Note complémentaire sur la dette (2017-03-20 @ 10:50)

L’endettement financier net de la SNCF est décrit dans rapport annuel (page 93).

Au total, le passif financier de la SNCF atteint le 67.2 milliards d’euros. Ce sont essentiellement des emprunts obligataires (83.1%), des billets de trésorerie, des emprunts bancaires (3.4%) et des instruments de financement à court terme (comme des billets de trésorerie, 6.6%).

Sur ces 67.2 milliards, l’Insee a requalifié 10.9 milliards de la dette de SNCF Réseau en dette publique en 2014 (Note 6.1.2.7. voir page 98).
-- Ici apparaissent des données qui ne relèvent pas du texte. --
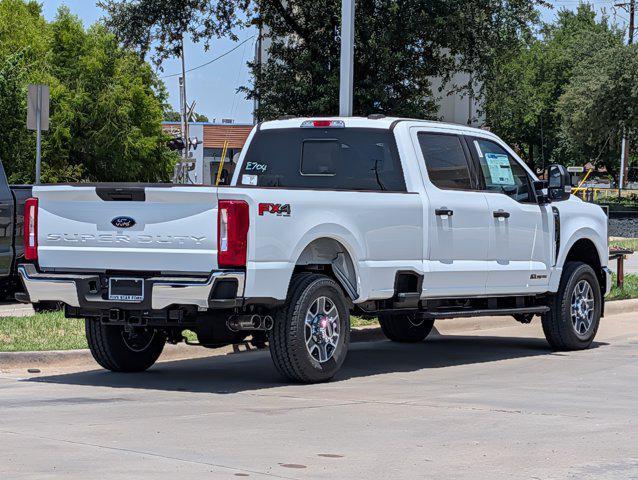 Photo of 2025 Oxford White Ford F-350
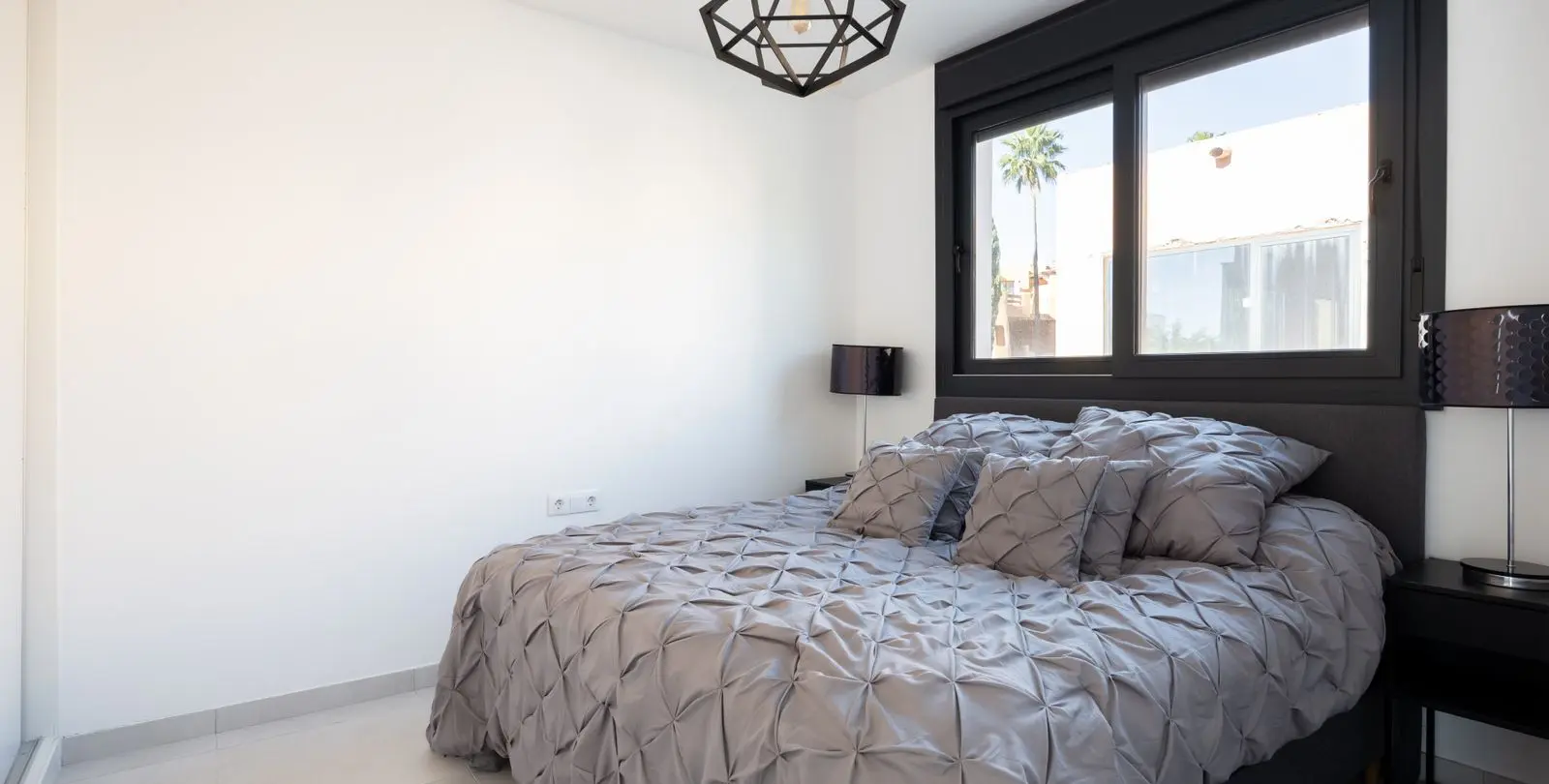 Продажа таунхауса в Estepona 16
Le passif financier de la SNCF comprend également les 1.5 milliards dont la charge a été transférée à l’État en 2006 (a.k.a. SAAD : à l’époque, il y en avait pour 8 milliards) puis à la Caisse de la Dette Publique en 2007. Cette dette est toujours présente au bilan de SNCF Mobilité mais elle est compensée par une créance du même montant sur la CDP (voir note 6.1.2.2, page 96).

Face à ces dettes, la SNCF revendique 14.4 milliards d’actifs d’où un endettement net de 52.8 milliards. Après retraitement des 12.4 milliards (10.9+1.5) déjà intégrés à la dette publique, il reste 40.4 milliards qui ne sont pris en compte absolument nulle part.